▼

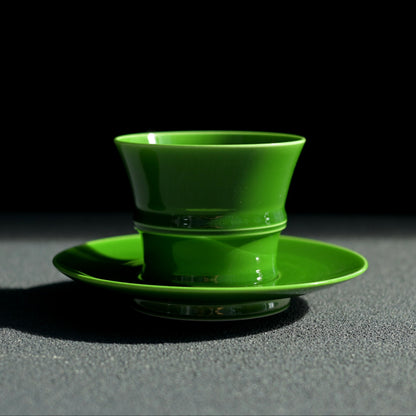 Tasse à café/thé en bambou vert jade faite à la main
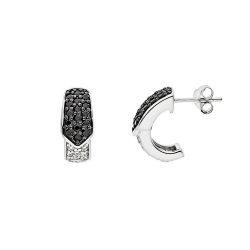 Boucles d’Oreilles Argent 925 Millièmes Rhodié & Oxydes de Zirconium Blancs et Noirs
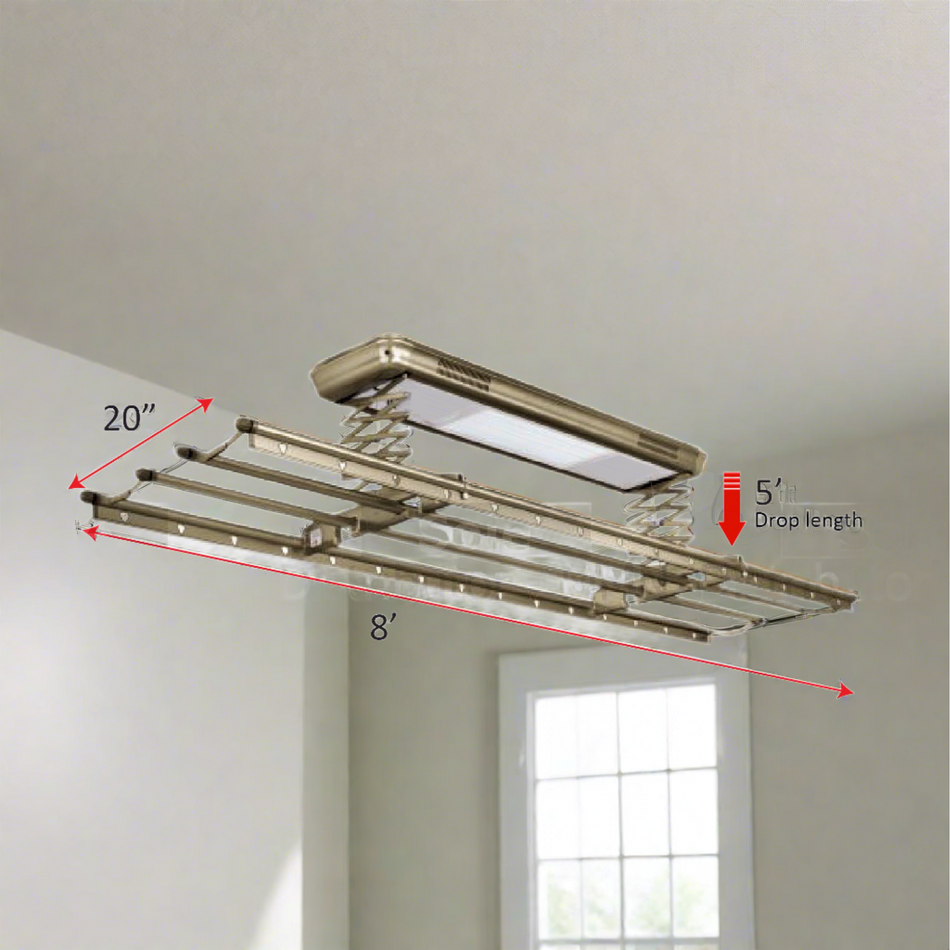 Mcoco Electric Clothes Hanger Ceiling Mount Lenght 8 Feet 4 Bars Aluminium Champagne Finish - 1103.4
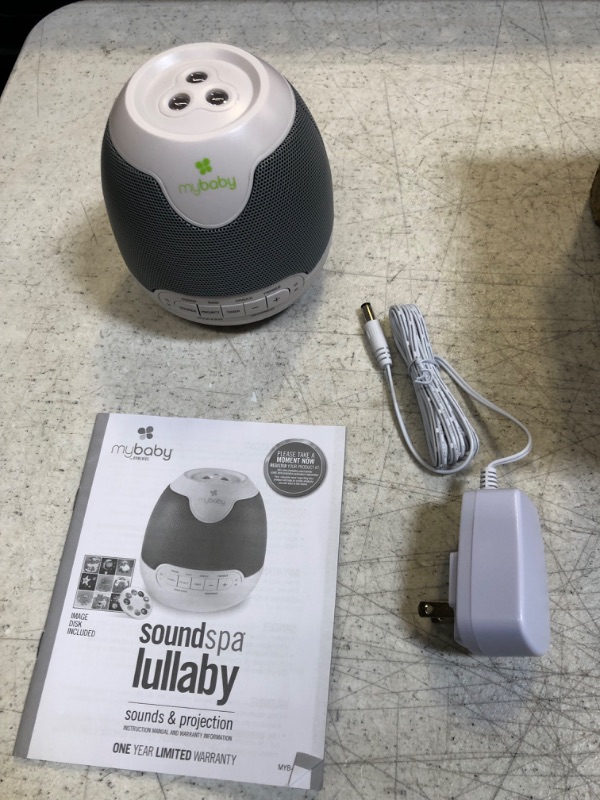 Photo 2 of MyBaby, SoundSpa Lullaby - Sounds & Projection, Plays 6 Sounds & Lullabies, Image Projector Featuring Diverse Scenes, Auto-Off Timer Perfect for Naptime, Powered by an AC Adapter, by HoMedics White/Grey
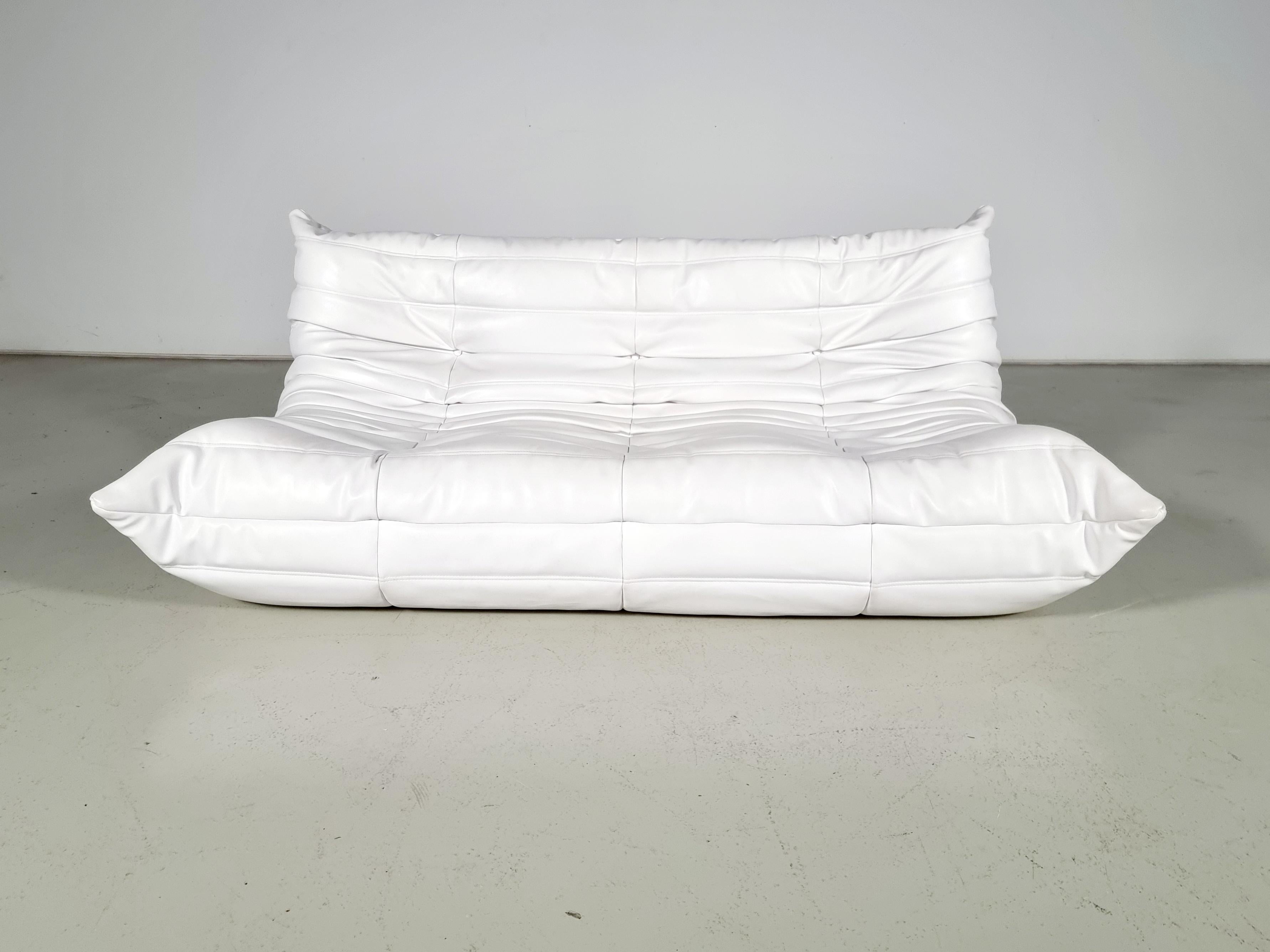 Late 20th Century Togo 3-seater Sofa in white vegan leather,  Michel Ducaroy, Ligne Roset, 1970s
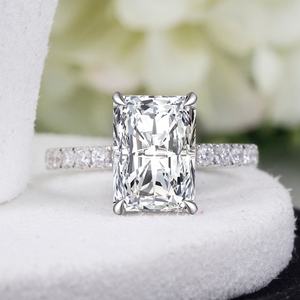 Anillos de Boda de Oro Blanco Sólido de Alta Calidad de 18k, Anillos de Diamantes Cultivados en Laboratorio para Mujer, Joyería Fina - Product Image 1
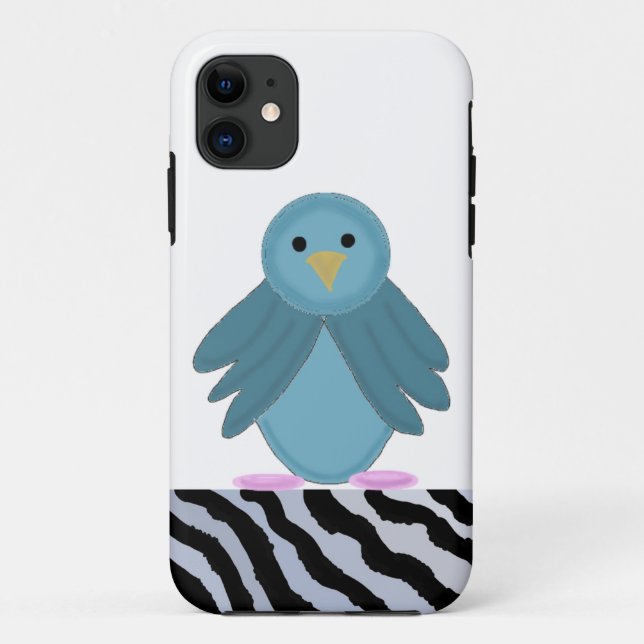 Coques Case-Mate iPhone Oiseau bleu caricature (Dos)
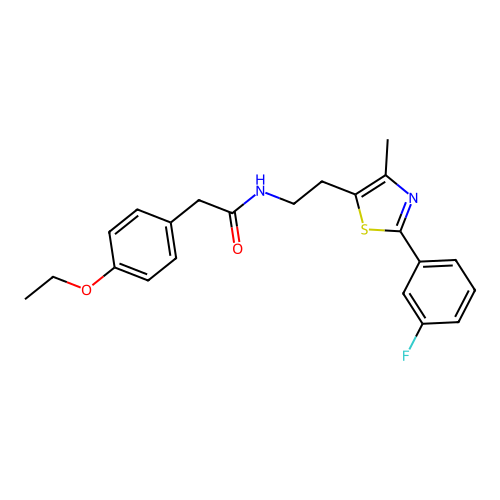 2-(4-ethoxyphenyl)-N-{2-[2-(3-fluorophenyl)-4-methyl-1,3-thiazol-5-yl]ethyl}acetamide structure
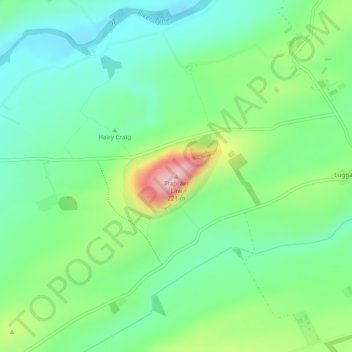 Mappa topografica Traprain Law, altitudine, rilievo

▲

*What the exercise asks*
Your copy should match every entry above exactly and contain no pictures.

*Exercise output*
 Tasse à café/thé en bambou vert jade faite à la main
 Boucles d’Oreilles Argent 925 Millièmes Rhodié & Oxydes de Zirconium Blancs et Noirs
 Mcoco Electric Clothes Hanger Ceiling Mount Lenght 8 Feet 4 Bars Aluminium Champagne Finish - 1103.4
 Photo 2 of MyBaby, SoundSpa Lullaby - Sounds & Projection, Plays 6 Sounds & Lullabies, Image Projector Featuring Diverse Scenes, Auto-Off Timer Perfect for Naptime, Powered by an AC Adapter, by HoMedics White/Grey
 Late 20th Century Togo 3-seater Sofa in white vegan leather,  Michel Ducaroy, Ligne Roset, 1970s
 Anillos de Boda de Oro Blanco Sólido de Alta Calidad de 18k, Anillos de Diamantes Cultivados en Laboratorio para Mujer, Joyería Fina - Product Image 1
 Coques Case-Mate iPhone Oiseau bleu caricature (Dos)
 2-(4-ethoxyphenyl)-N-{2-[2-(3-fluorophenyl)-4-methyl-1,3-thiazol-5-yl]ethyl}acetamide structure
 Mappa topografica Traprain Law, altitudine, rilievo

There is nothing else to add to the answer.